Tuesday 26 May 2015

Extending Right-to-Buy to housing association tenants

Housing associations will be compelled to sell homes to tenants at discounts
© Paul Coleman, London Intelligence 2015

The Conservative majority government announces on Tuesday, 26 May 2015 what it calls ‘landmark changes to spread home ownership to millions of working people’.
Welcome to a pillar of Prime Minister David Cameron’s ‘blue-collar conservatism’, writes Paul Coleman.

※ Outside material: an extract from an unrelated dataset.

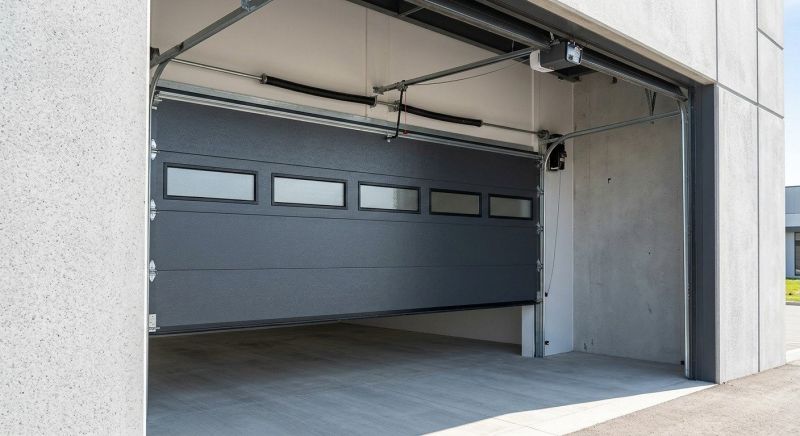 Commercial Garage Door Installation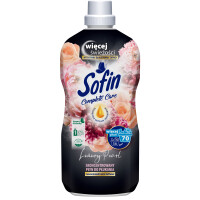 Sofin Complete Care & Luxury Luxury Pearl Skoncentrowany Płyn Do Płukania Tkanin 1,4L - SOFIN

Communities Secretary Greg Clark says tomorrow’s Queen’s Speech (27 May) includes a Housing Bill that “will offer over a million people a helping hand onto the housing ladder”.
The Bill will extend to England’s 1.3 million housing association tenants the right to buy their homes at ‘significant discounts’ similar to those offered to council tenants.
Until now, ‘Right-to-Buy’ applied only to council tenants, or to those whose homes were transferred from a council to a housing association.
“Just because you’ve signed a social tenancy doesn’t mean you should be signing away your aspiration to own a home,” says Clark.

'One-for-one'
Clark says housing association homes that are sold under this extended 'Right-to-Buy' will be replaced on a ‘one-for-one basis’.
The sting in the tail is that local authorities will be forced to fund this policy for housing association tenants.
The Housing Bill requires councils to sell their ‘most expensive housing when it falls vacant’, says the government.
The government estimates this will raise £4.5 billion a year.
Receipts from the sale of these council homes will compensate housing associations for having to sell their homes below market value - but compels housing associations to provide new ‘one-for-one’ replacement homes with the same number of bedrooms in the same area.

Uncertainty
Ann Powers, Professor of Social Policy at the London School of Economics, says: “It’s probably an unworkable policy. It’s very unlikely that local authority sales will actually fund the right-to-buy of housing association homes.”
The Institute for Fiscal Studies say the new policy amounts to a ‘significant giveaway’ to the 1.3m housing tenants across England by ‘selling public assets.  
The IFS said in April 2015 that ‘sales of expensive local authority properties would reduce the availability of social housing in the most expensive areas, thereby creating clearer divisions between areas where richer and poorer households are located’.
It added: ‘There are considerable uncertainties surrounding the revenues that can be raised from sales of expensive properties…Given this uncertainty…there is a risk that these policies will lead to a further depletion of the social housing stock.'

Significant
But Clark insists the government is “creating a level playing field”.
Any social tenant, whether in a council or housing association home, will be able to buy their home at a significant and publicly funded discount.
House building will also rise, says the government.
Housing associations will be able to use sales revenues to invest in more affordable homes.
Council housing waiting lists will be reduced.
The government says rather than one rented property, there will be two – an older home with a new homeowner, and a new replacement home available for those in need on the waiting list.

Replaced
But critics of the government say only a relatively small number of people will benefit.
They also say it will put more people in housing debt – and that even if sold homes are replaced ‘one-for-one’, most people waiting for a council homes will not be able to afford the new replacement ‘affordable’ properties.
The government increased ‘Right-to-Buy’ discounts for council tenants in 2012 to a maximum of £103,900 in London and £77,900 outside the capital – and said that sold council homes would be replaced ‘one-for-one’.
Around 40,000 council homes were sold between 2010 and 2015.
But only one in nineteen sold council homes were replaced by a newly built property.
Since the increased discounts in 2012, some 26,000 council homes were sold with just 2,700 replacements started.

Blame
Clark said on BBC Radio 4’s Today show (26 May) that ‘one-for-one’ replacement was not the objective in 2012  - that the coalition government sought only to increase the number of council homes being built rather than replace each one sold.
He also puts the blame on councils and housing associations for failing to replace sold council homes with new properties over the past three years. “There is a lag,” says Clark.

Interest
“But this new policy is to replace sold stock,” adds Clark. “Every property that is sold will be replaced on a one-to-one basis."
Clark insists the policy will increase the overall housing stock without acknowledging it could reduce the number of council homes and only – at best – maintain the existing number of ‘affordable’ homes.
He adds if housing associations fail to replace sold homes within three years, they will have to return the money with interest to the Homes and Communities Agency.
The HCA will then arrange for those replacement homes to be built.

Other detractors say the policy transfers public assets in the form of council homes and public land to private individuals and ultimately to private sector landlords and developers.
Housing associations also see the extension of ‘Right-to-Buy’ as a denigration of their charitable origins and their right to function as social housing providers. 
Some speak of taking legal action against the government to protect their assets.


The Housing Bill also includes a plan for 200,000 'starter' homes, offered at a 20% discount to first-time buyers aged under 40 - and a right for people to apply for permission to build their own homes on designated land.